Dear Eager Young YWAMer,
I saw your sparkling eyes, when I walked into my DTS classroom holding my one-year-old niece’s hand. I saw your shocked mouth, when that week’s amazing speaker called me out by name and bragged about my Kiwi parents. I saw those hungry glances, when I told you what it was like to grow up on a YWAM campus in Hawaii, with all this being the norm. And I heard your honest, beautiful desire on the soccer field at Base Retreat– I want YWAM babies.
But I just have one request, before you do. Simply, listen to a YWAM Kid’s story. This is mine.
“I don’t wanna go.” Growing up between three countries, it’s something that I kept as a secret to myself. Every time we were in and out of New Zealand and Australia? I didn’t want to leave. For university, I chose to move to New Zealand– a childhood dream. But still, I hated leaving Newcastle, Australia– where, at one point in time, all three of my brothers were on staff.
Yet I kept quiet, silenced by the duty I held to God to be content with where He’d placed me.

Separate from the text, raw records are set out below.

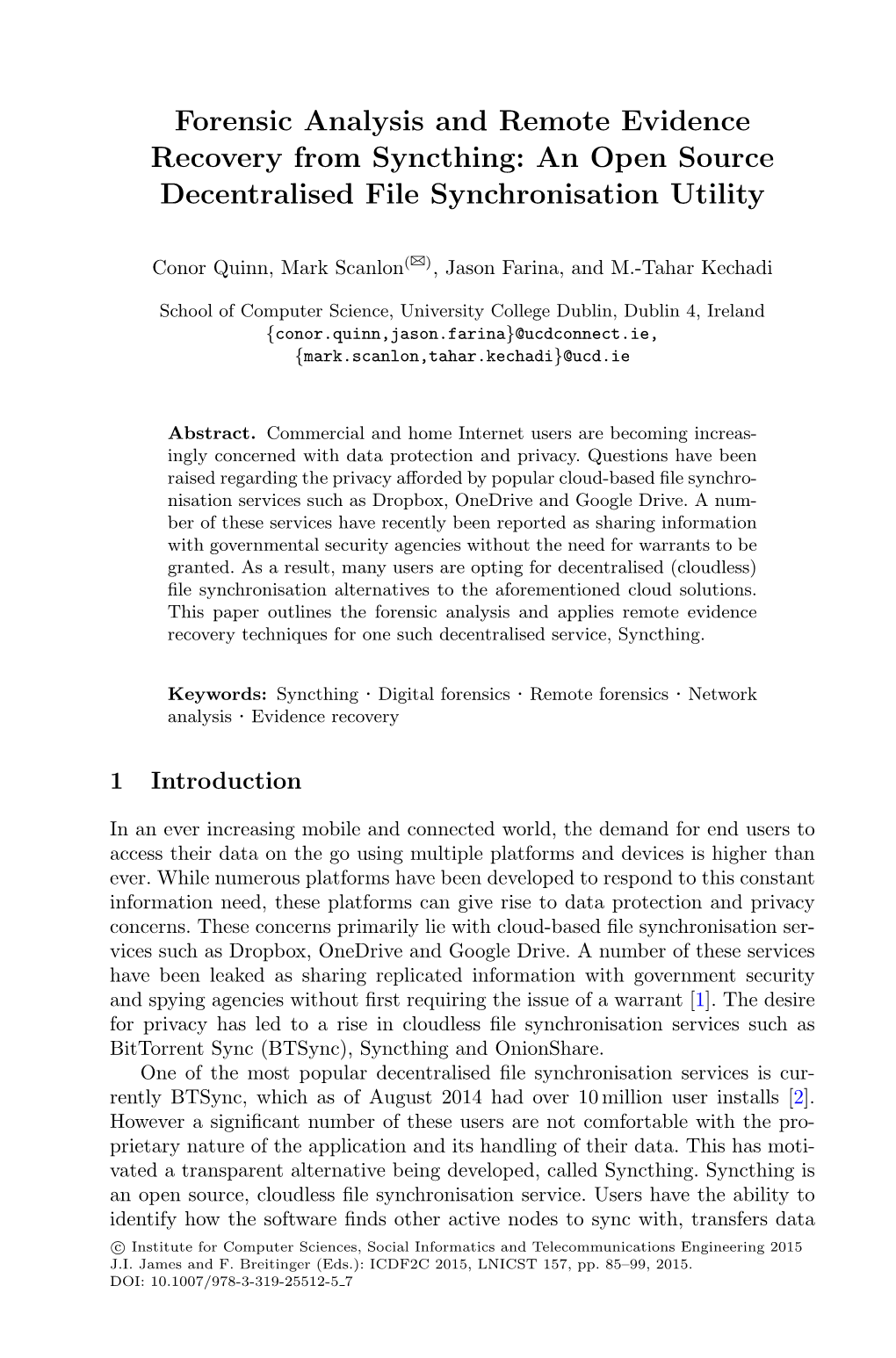 Forensic Analysis and Remote Evidence Recovery from Syncthing: an Open Source Decentralised File Synchronisation Utility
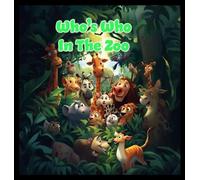 Who's Who In The Zoo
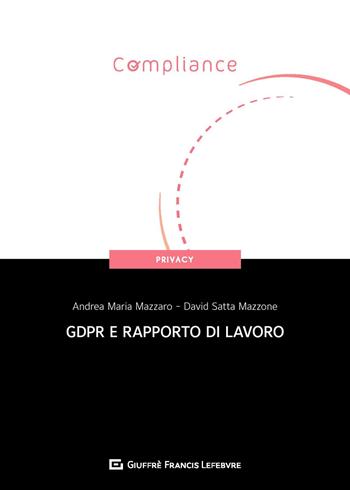 GDPR e rapporto di lavoro - Andrea Maria Mazzaro, Davide Satta Mazzone - Libro Giuffrè 2020, Compliance. Privacy | Libraccio.it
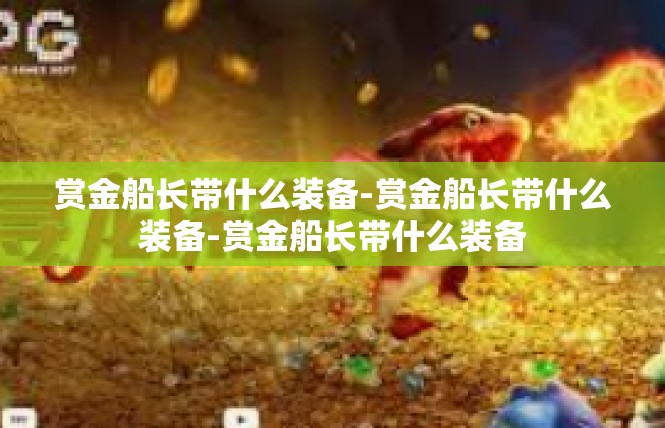 赏金船长带什么装备-赏金船长带什么装备-赏金船长带什么装备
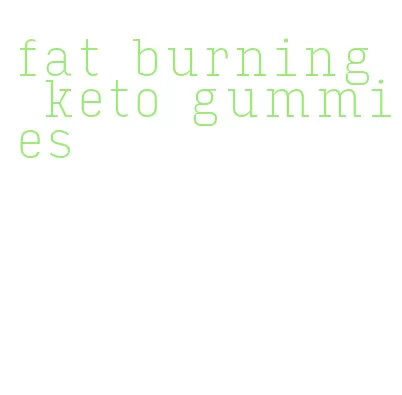 fat burning keto gummies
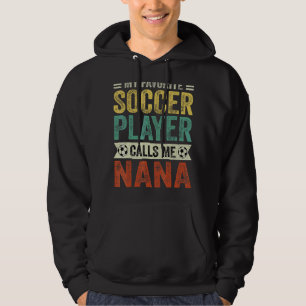 My Favourite Soccer Player Calls Me Nana Mother's Hoodie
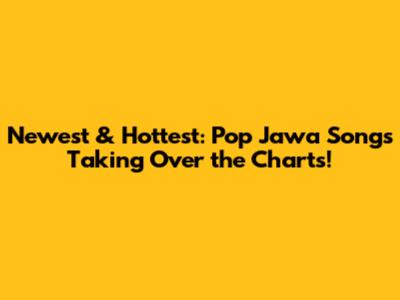 Newest & Hottest: Pop Jawa Songs Taking Over the Charts!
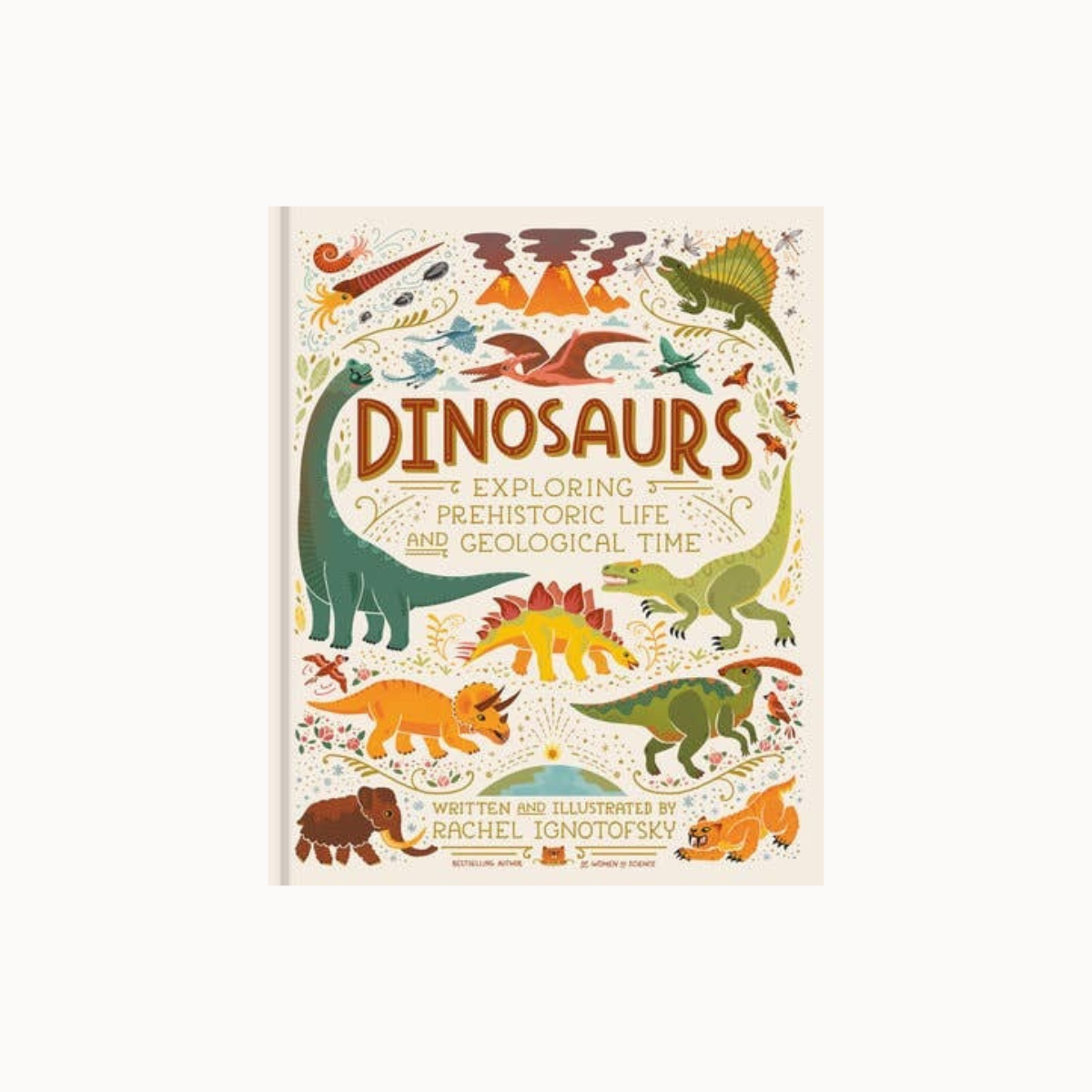 A children's book titled "DINOSAURS: Exploring Prehistoric Life and Geological Time" featuring colorful cartoon dinosaur illustrations on an off-white cover, photographed against a light gray background.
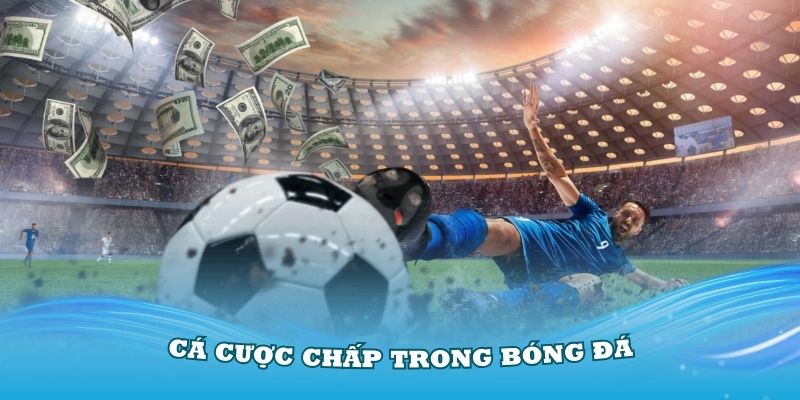 Cá cược chấp trong bóng đá khá phổ biến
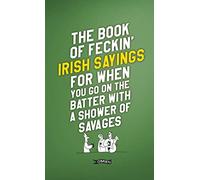 The Book of Feckin' Irish Sayings For When You Go On The Batter With A Shower of Savages (The Feckin' Collection)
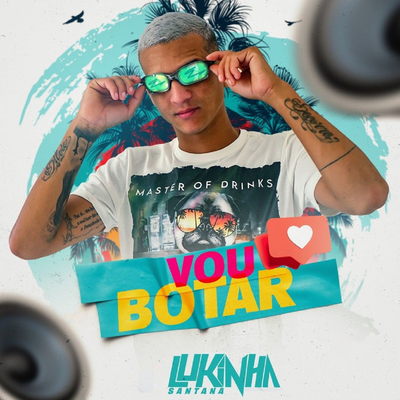 Vou Botar By Lukinha Santana's cover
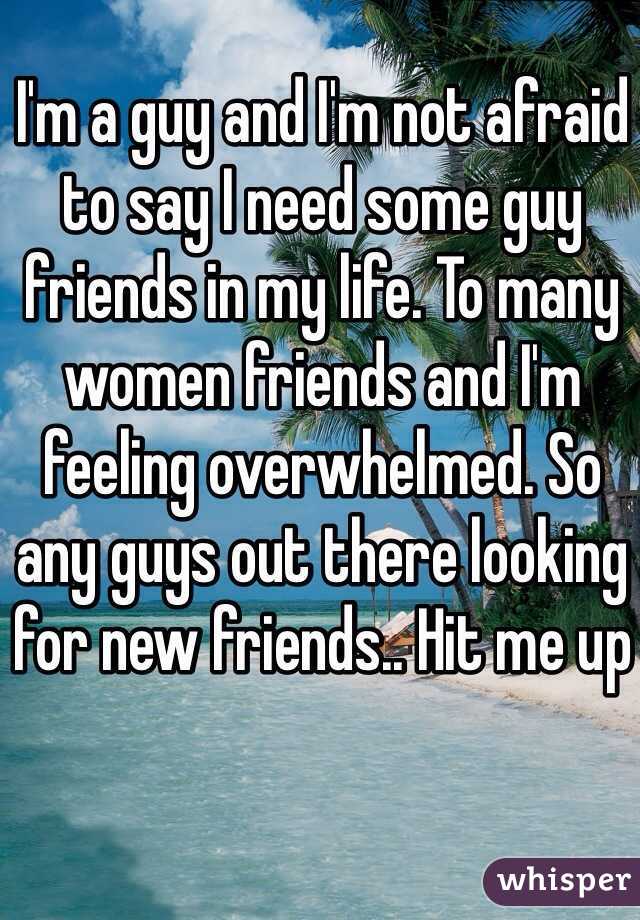 I'm a guy and I'm not afraid to say I need some guy friends in my life. To many women friends and I'm feeling overwhelmed. So any guys out there looking for new friends.. Hit me up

Then came a two-week trip to Newcastle last March, where I found I couldn’t ignore my heart. It was still there. Very much alive. Very much beating. Very much wanting to be at home in Australia, not just the visiting sister. And my families in New Zealand, still very much wanting me to stay with them… asked me, Why not?
Fast forward to a winter morning in Amsterdam, my DTS outreach team gathered in our apartment.
Homesickness had run rampant. A few weeks out from finishing DTS, the eleven of us had been thinking of what was ahead, in varying degrees. For some, it stopped them from focussing on what was in front of them. As my teammates prayed around the circle, rawly expressing to God their remorse, something gnawed and squirmed inside of me.
A few weeks before, I’d happily discovered I missed Australia immensely. After three years of bouncing between three home countries, after a whole childhood of not really knowing my place– it was shocking to discover I really did belong somewhere. Even though Europe enchanted me– the Pacific was home.
Yet why was I so frustrated at their homesickness? They had a choice to be on DTS, to leave those places they were born and raised in. I understood, they had grown up with their immediate family around them, saw their extended family often…
And then it hit me, with choking sobs.
“I never had a choice.”
I was always far away from family. Being a missionary kid and the youngest sibling, I rarely had the luxury of choosing to leave my family to go on an adventure. I was already thrust into one– as well as left behind from many.
I mean, I felt incredibly involved in family decisions, don’t let me misrepresent my life to you. When my parents wanted to staff a DTS in Kansas City, they asked Jordan and 12-year-old me to pray about it– I saw a picture of our future house. When we were going take a trip Down Under in the middle of my junior year, we prayed about it– I was stoked.
But the initial choice?
It wasn’t mine. I didn’t choose to be born in a country different from my parents, I didn’t choose to be immersed in YWAM, I didn’t choose to leave my brothers. That all happened, with me incredibly quiet. I fought the helplessness by listing the rewards of a dual-citizen. I survived the unresolved grief by counting my blessings of a YWAM Kid. In short, I thought God didn’t care about my pain.
As I sobbed uncontrollably, knees on the hardwood floor, I found a very different God from my childhood. I found a man. The one who grabs the tissues. Who puts his arms around me. The one who lets me cry– even cries with me. Sure, he wanted my parents to be in missions, and he wanted me to be born in Hawaii. But it doesn’t mean that my story doesn’t gut him from the inside as well. And in the homesickness Jesus whispers, You have the choice– come home.
So, Eager Young Missionary. Us “YWAM babies” don’t get through wounded-free, nor do they grow up with faultless, untainted views of God. We’re human like the rest of you, and though I might not let you know that all the time, it’s true. We walk in inheritances not our own, and we act like we own the place (sometimes we do– I’m talking about you, Ark Park). And whether we like it or not, life becomes this glorious mess of knowing God and making Him known.
So, go have those YWAM babies. I’ll be right along with you.